W・ブッシュは歯痛に悩む詩人のことを、「もっぱら奥歯の小さな洞のなかに逗留している[Einzig in der engen Höhle]」と述べている。リビドーと自我の関心[Libido und Ichinteresse]とがこの場合は同じ運命をもち、またしても互いに分かちがたいものになっている。周知の病人のエゴイズム[Der bekannte Egoismus der Kranken]はこの両者をうちにふくんでいる。われわれが病人のエゴイズムを分かりきったものと考えているが、それは病気になればわれわれもまた同じように振舞うことを確信しているからである。激しく燃えあがっている恋心[intensiver Liebesbereitschaft]が、肉体上の障害のために追いはらわれ、突然、完全な無関心[völlige Gleichgültigkeit]にとってかわる有様は、喜劇にふさわしい好題目である。(フロイト『ナルシシズム入門』第2章、1914年)


ここでフロイトが語っているのは自己愛(自我のナルシシズム)ではなく自体性愛ーー自己身体愛ーーである。先のラカンが《私は自分の身体しか愛さない[je n'aime que mon corps]》と言っているのはこの意味である。


自体性愛的欲動は原初的なものである[Die autoerotischen Triebe sind aber uranfänglich](フロイト『ナルシシズム入門』第1章、1914年)

享楽とは、フロイディズムにおいて自体性愛と伝統的に呼ばれるもののことである。〔・・・〕ラカンはこの自体性愛的性質を、全き厳密さにおいて、欲動概念自体に拡張した。ラカンの定義においては、欲動は自体性愛的である[la jouissance …qu'on appelle traditionnellement dans le freudisme l'auto-érotisme. …Lacan a étendu ce caractère auto-érotique  en tout rigueur à la  pulsion elle-même. Dans sa définition lacanienne, la pulsion est auto-érotique. ](J.-A. MILLER, L'Être et l 'Un, 25/05/2011)




この自体性愛的欲動=享楽が、分裂病概念かつ自閉症概念創出者ブロイラーの自閉症の定義である。

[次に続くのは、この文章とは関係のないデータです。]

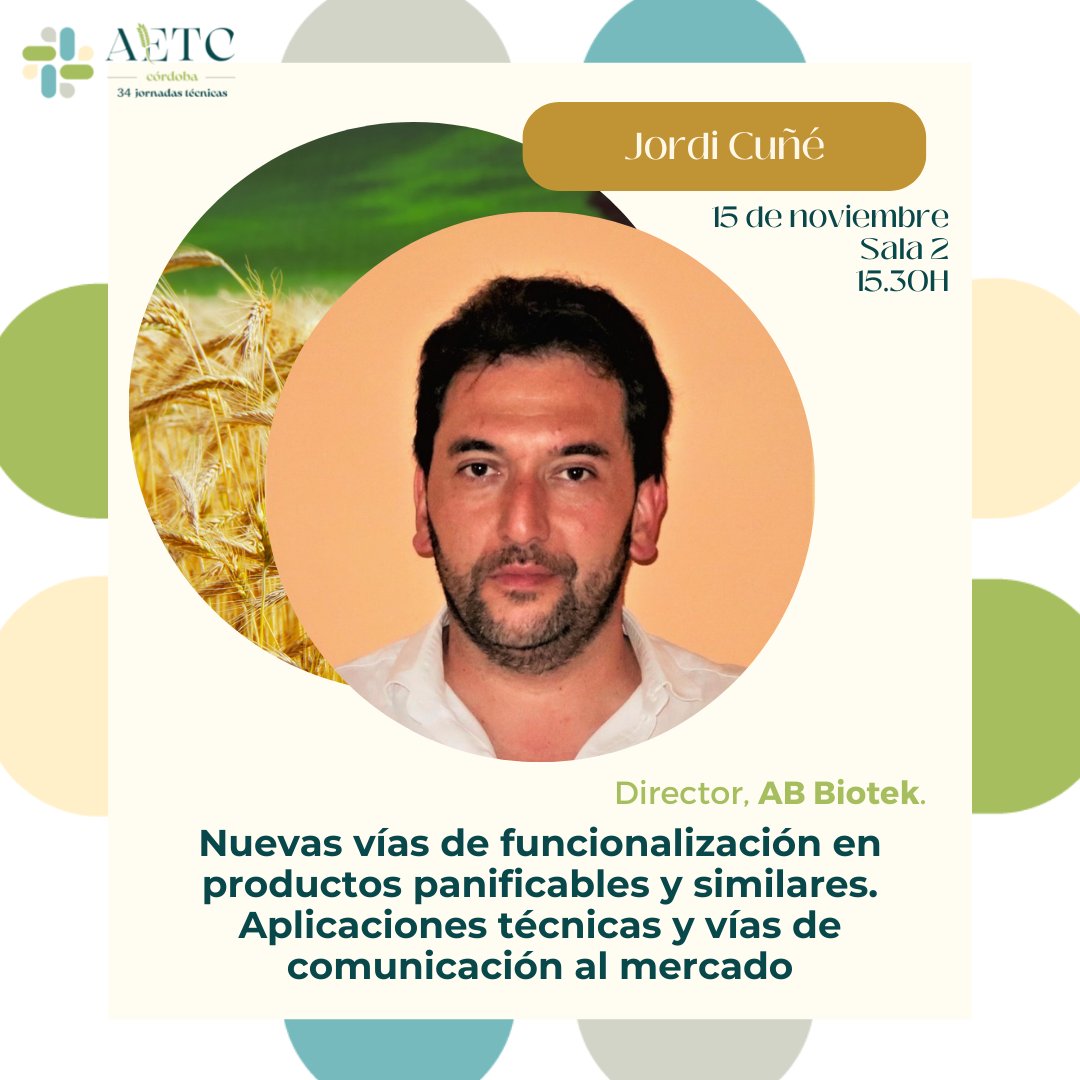 tec_cerealistas's tweet photo. 🥖 @JCune de AB Biotek impartirá la ponencia 'Nuevas vías de funcionalización en productos panificables y similares. Aplicaciones técnicas y vías de comunicación al mercado' en las #XXXIVJornadasTécnicas de la #AETC

Inscríbete aquí 👉 https://t.co/l9FignSEfP

@ETSIAMCordoba https://t.co/3MmEiJWeFW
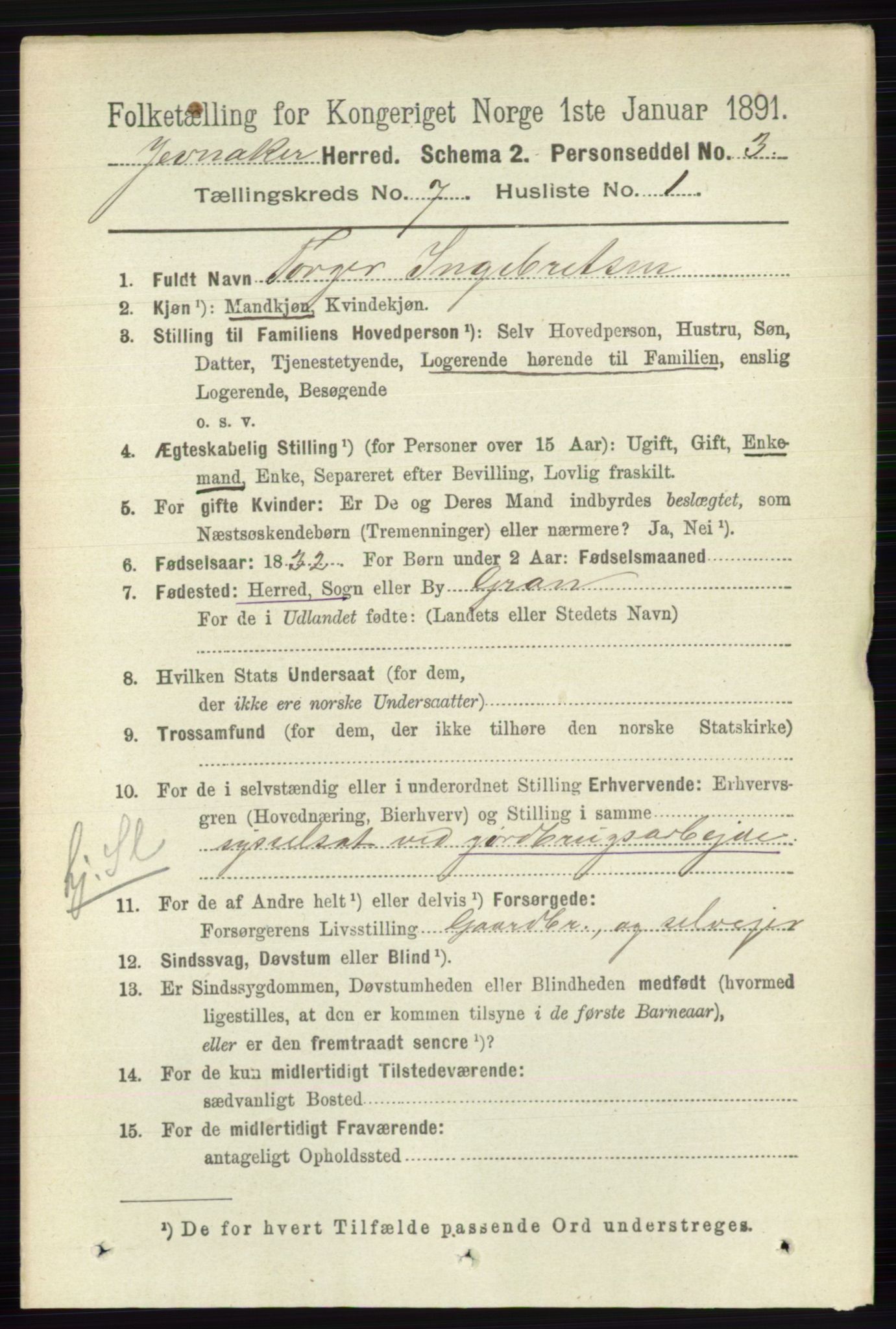 RA, 1891 census for 0532 Jevnaker, 1891, p. 3737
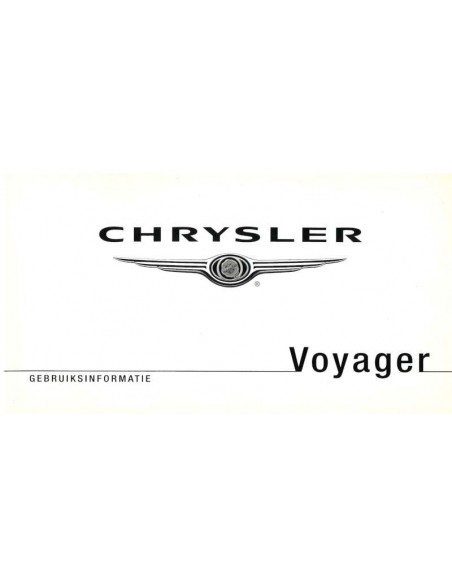 2008 CHRYSLER VOYAGER OWNER'S MANUAL DUTCH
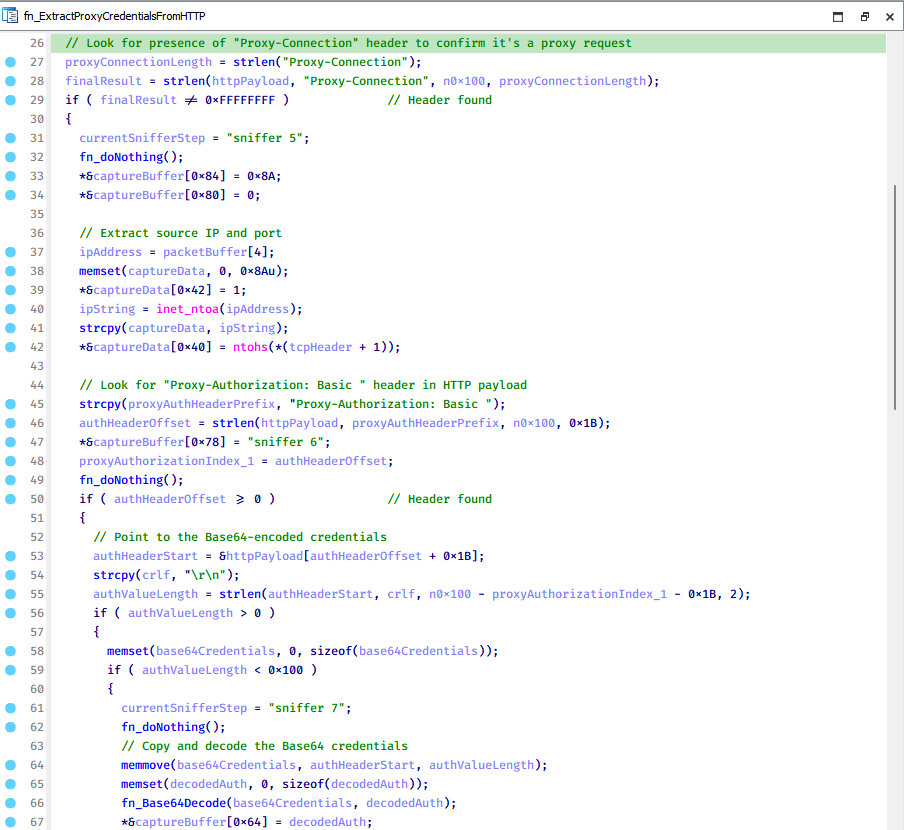 Function used to find and extract Base64-encoded credentials from HTTP proxy-authorization headers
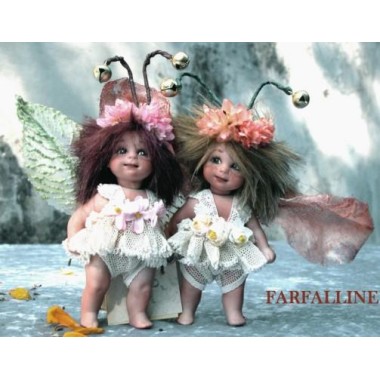 Fée Papillon, Poupée fée en porcelaine de 14 cm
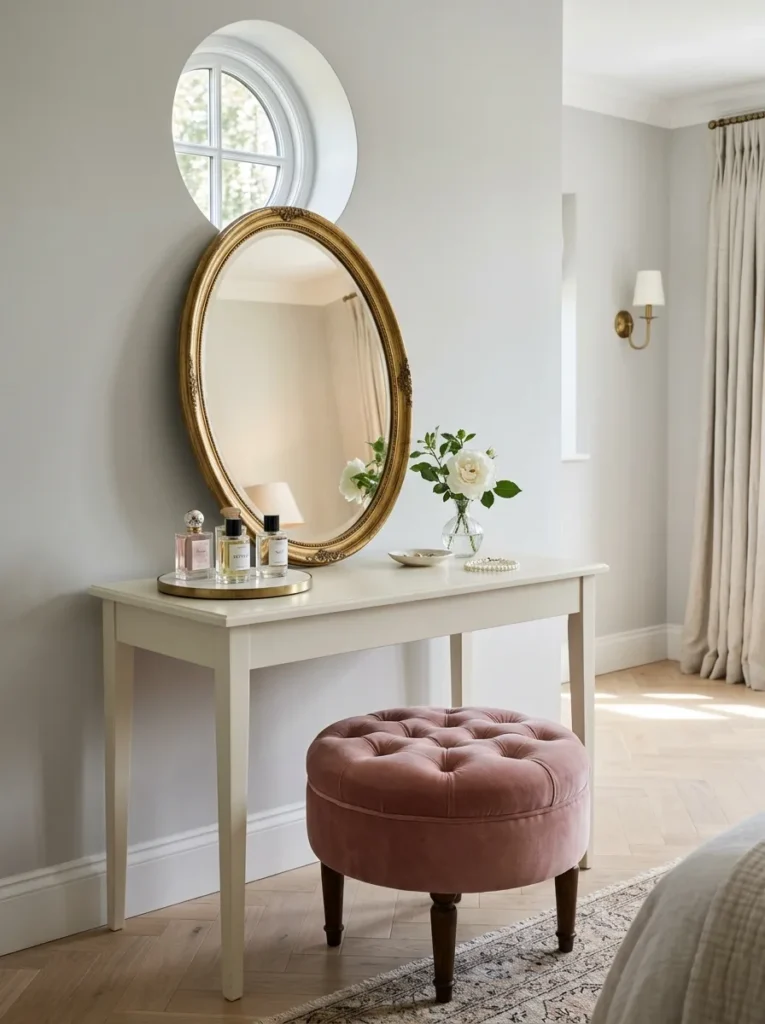 Feminine dressing table with an oval mirror and dusty rose velvet bench in a bedroom corner
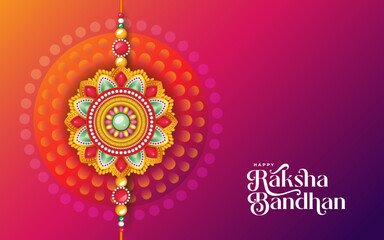 Wall Mural - Happy Raksha Bandhan Festival Background Template With Creative Rakhi Illustration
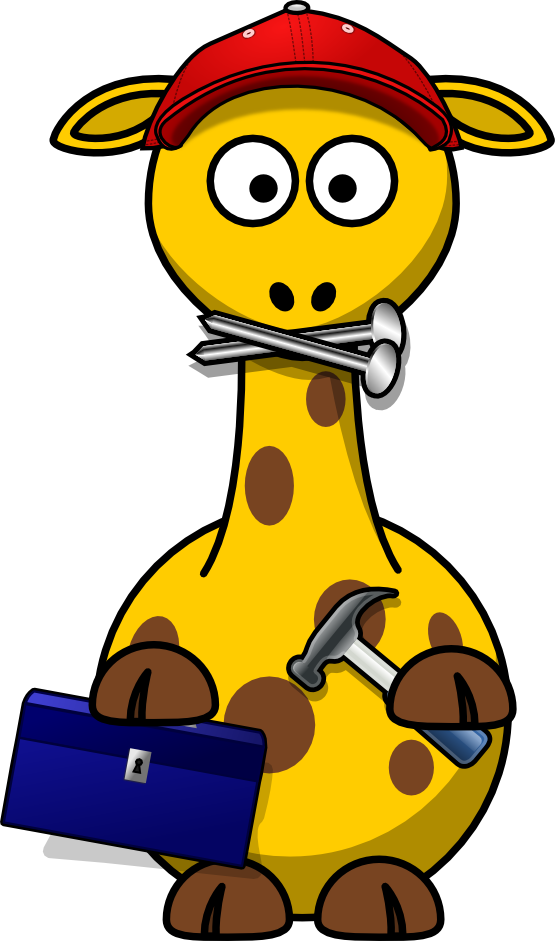 Clip Art: Giraffe Handwerker clipartist.net SVG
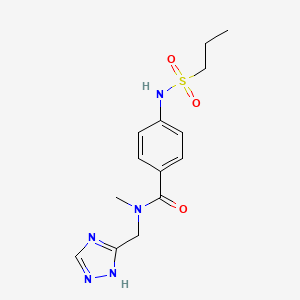 molecular formula C14H19N5O3S B6929274 N-methyl-4-(propylsulfonylamino)-N-(1H-1,2,4-triazol-5-ylmethyl)benzamide 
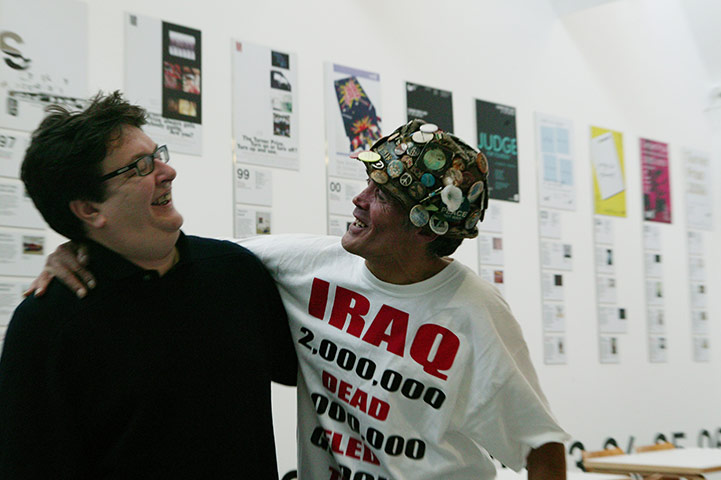 brian haw: Mark Wallinger  and Brian Haw at Tate Liverpool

外界とはもはや何の交流もない最も重度の分裂病者は、彼ら自身の世界に生きている。彼らは、叶えられたと思っている願望や迫害されているという苦悩を携えて繭の中に閉じこもるのである。彼らは可能なかぎり、外界から自らを切り離す。

この「内なる生」の相対的、絶対的優位を伴った現実からの遊離を、われわれは自閉症と呼ぶ。

Die schwersten Schizophrenien, die gar keinen Verkehr mehr pflegen, leben in einer Welt für sich; sie haben sich mit ihren Wünschen, die sie als erfüllt betrachten, oder mit den Leiden ihrer Verfolgung in sich selbst verpuppt und beschranken den Kontakt mit der Außenwelt so weit als möghch.Diese Loslösung von der Wirklichkeit zusammen mit dem relativen und absoluten Uberwiegen des Binnenlebens nennen wir Autismus.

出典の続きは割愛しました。